COMMISSION ON ELECTIONS, OCTAVIO D. VELASCO AND THE HON. ENRIQUE ALMARIO, Presiding Judge, RTC, Branch XV, Trece Martires City, respondents.

Manahan, Cornago, De Vera, Aquino & Associates Law Offices for petitioner.
Brillantes, Nachura, Navarro & Arcilla Law Offices for private respondent.

R E S O L U T I O N


MEDIALDEA, J.:

This petition for certiorari with a prayer for a temporary restraining order assails the decision dated June 6, 1990 of the Commission on Elections (COMELEC), First Division, in EAC No. 6-90 entitled "Octavio D. Velasco, Protestant versus Conrado C. Lindo, Protestee," reversing the decision of the trial court and declaring private respondent Octavio D. Velasco the duly elected mayor of the municipality of Ternate, Cavite; and the resolution dated August 23, 1990 of the COMELEC, En Banc denying petitioner's motion for reconsideration.

Petitioner Conrado Lindo and private respondent Octavio D. Velasco were candidates for the position of municipal mayor of Ternate, Cavite, in the January 18, 1988 local elections. After canvass, the Municipal Board of Canvassers of Ternate proclaimed petitioner Lindo as the elected mayor of Ternate on January 19,1988.

On March 22, 1988, Velasco filed an election protest with the Regional Trial Court, Branch XV, with station at Trece Martires City, which was docketed as EPC No. NC-1 entitled, "Octavio D. Velasco, Protestant, versus Conrado C. Lindo, Protestee." Velasco protested the results of the election in seventeen (17) of the twenty two (22) precincts in the municipality. On April 18, 1988, Lindo filed his answer to the protest. His answer did not interpose any counter-protest (p. 40, Rollo).

A physical examination of the ballots and a recount of the votes from Precints Nos. 1, 1-A, 2, 2-A, 3, 3-A, 4, 4-A, 5, 6, 8-A and 10-A were conducted before the trial court without any controversy. On August 2, 1988, the ballot boxes from precints Nos. 6-A and 8 were presented to the court for examination and recounting. It was observed that the ballot boxes from these precincts did not have self-locking metal seals and the envelopes containing the valid ballots were partially opened. As the ballots were examined, Lindo objected to thirty-three (33) ballots from precinct No. 6-A and fifty-seven (57) ballots from precinct No. 8, alleging that these ballots were spurious. The contested ballots were sent to the NBI for examination (p. 95, Rollo of G.R. 88337).

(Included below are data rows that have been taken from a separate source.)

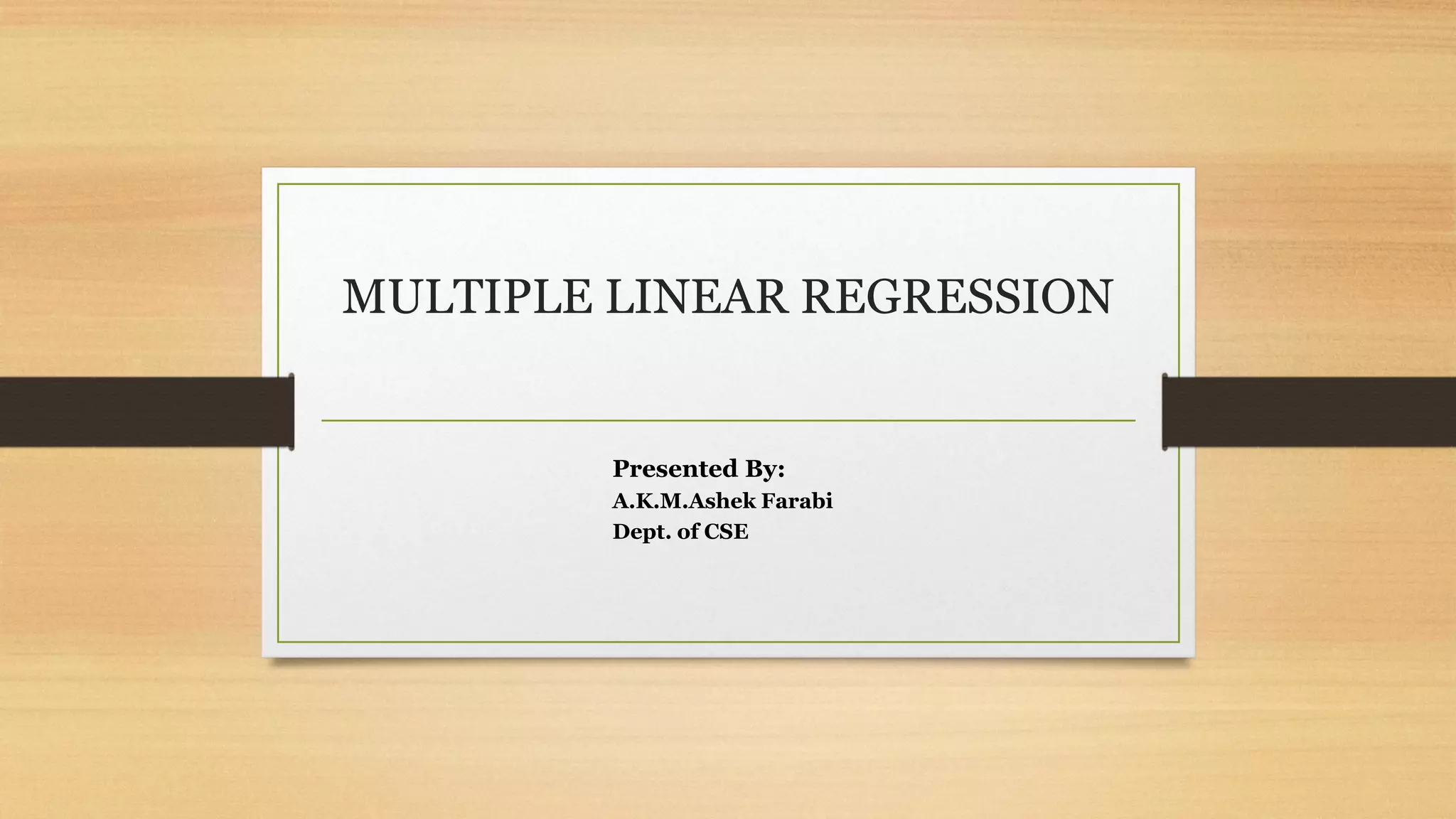 Multiple linear regression | PDF
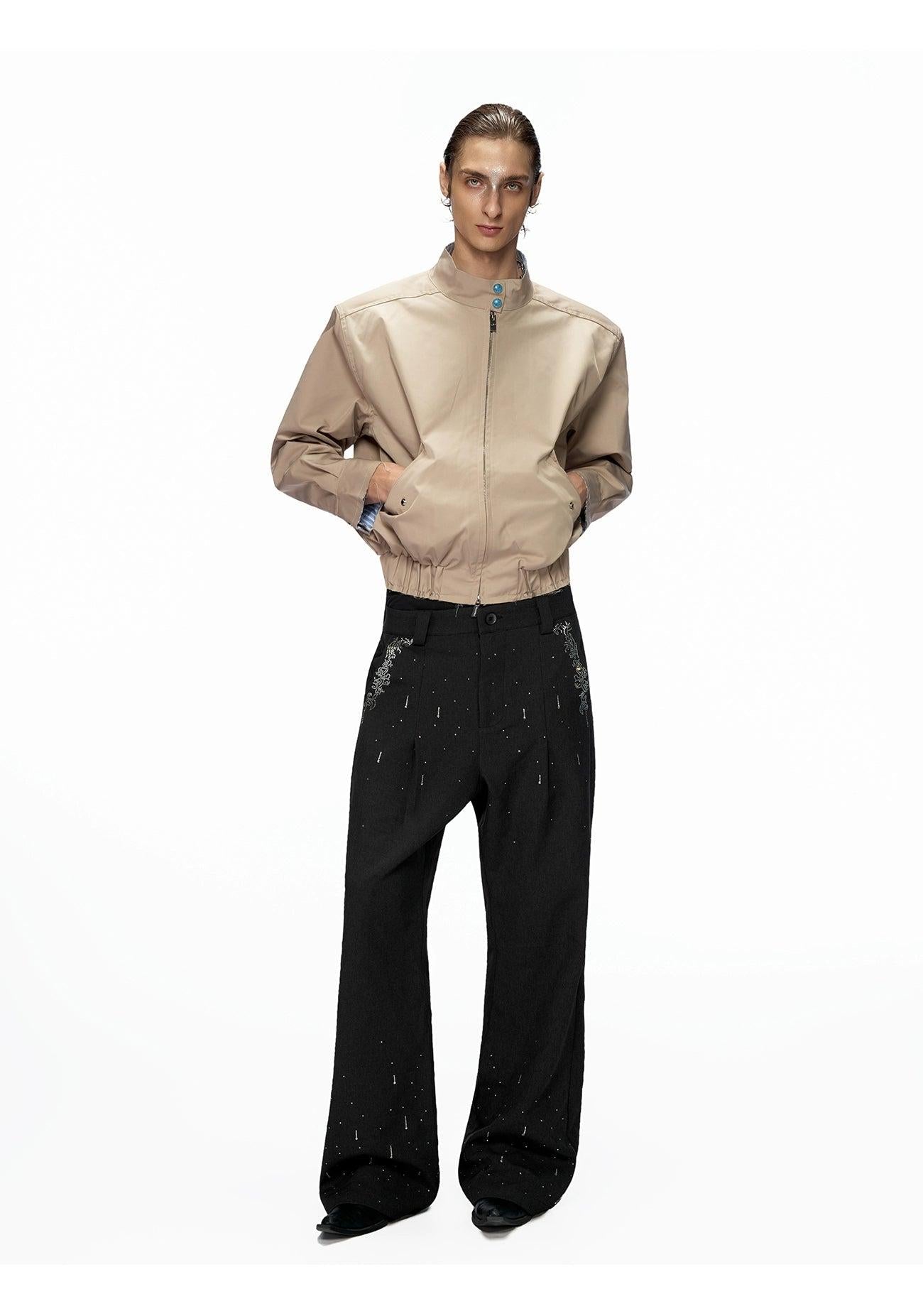 Stand Collar Striped Boxy Jacket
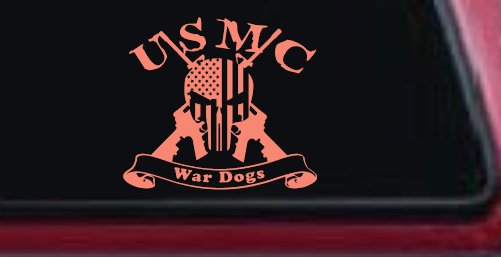 USMC United States Marine Corps War Dogs Punisher Skull US Flag Crossed AR15 Guns Military Car or Truck Window Decal Sticker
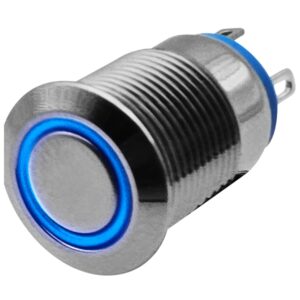 ProRide Metalen Drukschakelaar 12V ON-OFF - 12mm - Aan/uit schakelaar - Spatwaterdicht - 12V/24V - LED Indicatie Blauw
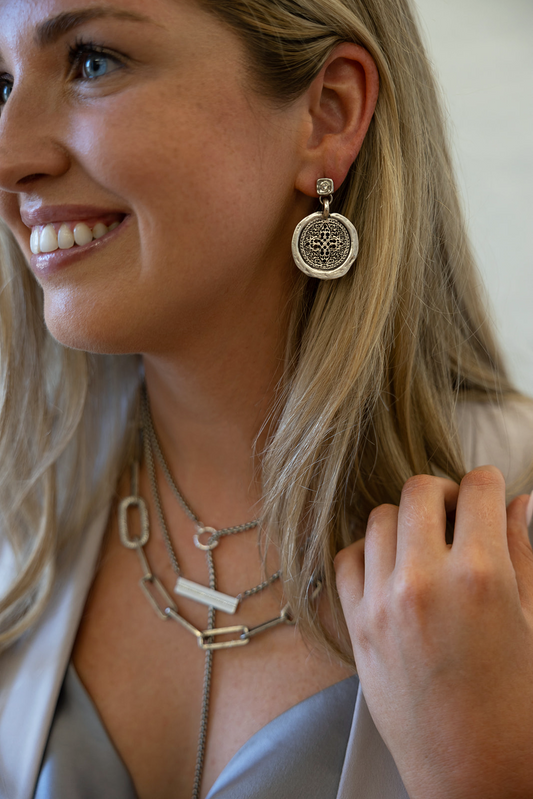 Silver Filagree Coin Earring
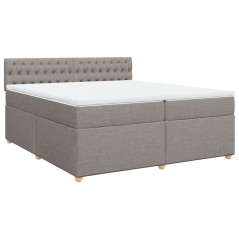 vidaXL Boxspringbett mit Matratze Taupe 200x200 cm Stoff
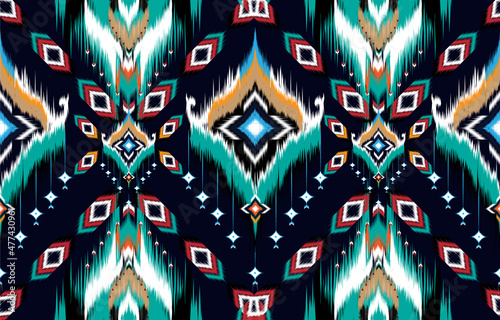 Geometric ethnic oriental seamless pattern traditional 
Design for background,carpet,wallpaper,clothing,wrapping,Batik,
fabric,Vector illustration.embroidery style.

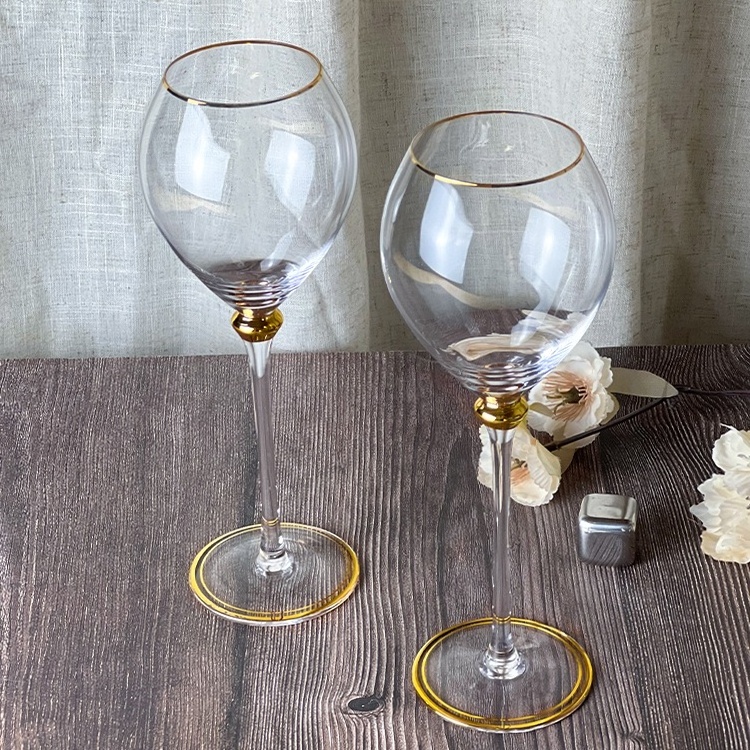 Gold Rim Pear Shaped Red Wine Glasses Clear Wine Glasses  Crystal For Wedding party Christmas Gift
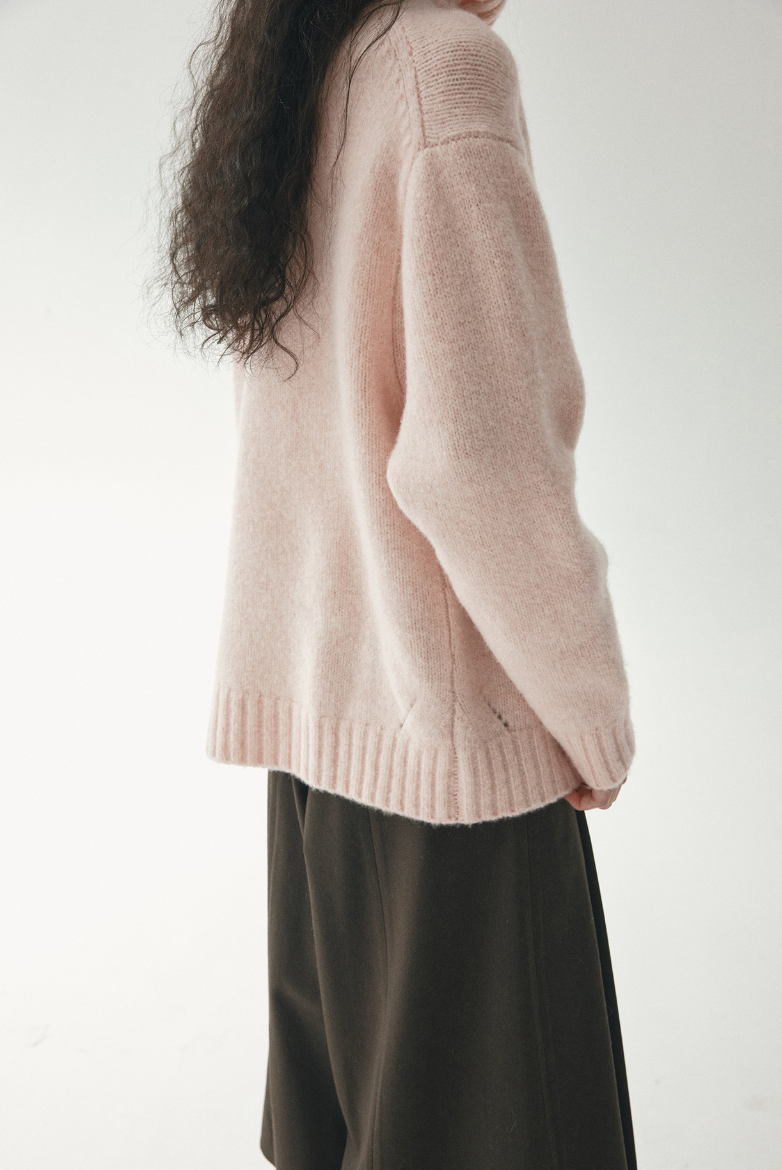 2WAY low gauge high neck knit / pale pink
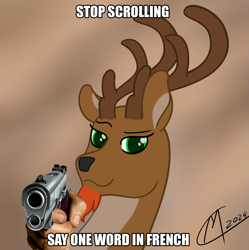 Size: 2177x2187 | Tagged: safe, artist:maître cervidé, derpibooru import, oc, oc:renn, deer, gun, male, meme, signature, solo, text, weapon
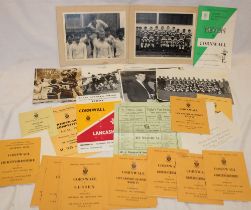 A selection of 1960s Cornwall Rugby programmes,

In its report dated October 12, 1988, the NBI found 32 contested ballots from precinct No. 6-A and 50 contested ballots from precinct No. 8, to be valid ballots.

The ballot boxes from precincts Nos. 9, 9-A, 10 and 11 were also found in the same condition as the ballot boxes from precincts Nos. 6-A and 8. Lindo likewise objected to the recounting of votes from these precints and the ballots objected to were sent to the NBI for examination. Recounting of the votes from these precincts were withheld by order of the trial court pending examination of the ballots by the NBI. The record does not disclose the findings of the NBI on the validity of the ballots from these precincts.

On November 7, 1988, Lindo through counsel, moved in open court to exclude the ballots from the four (4) precincts (Precincts No. 9, 9-A, 10 and 11) above-mentioned. The chairmen of these precincts, when subpoenaed by the court, testified that the ballot boxes did not have self-locking metal seals and the envelopes containing the ballots were tampered (pp. 59-63, Rollo). After hearing the testimonies of the respective chairmen of the four controverted precincts, the trial court issued an order on November 11, 1988 excluding the ballots from these precincts from the revision. Velasco filed a motion for reconsideration of the order which was denied on December 9, 1 988.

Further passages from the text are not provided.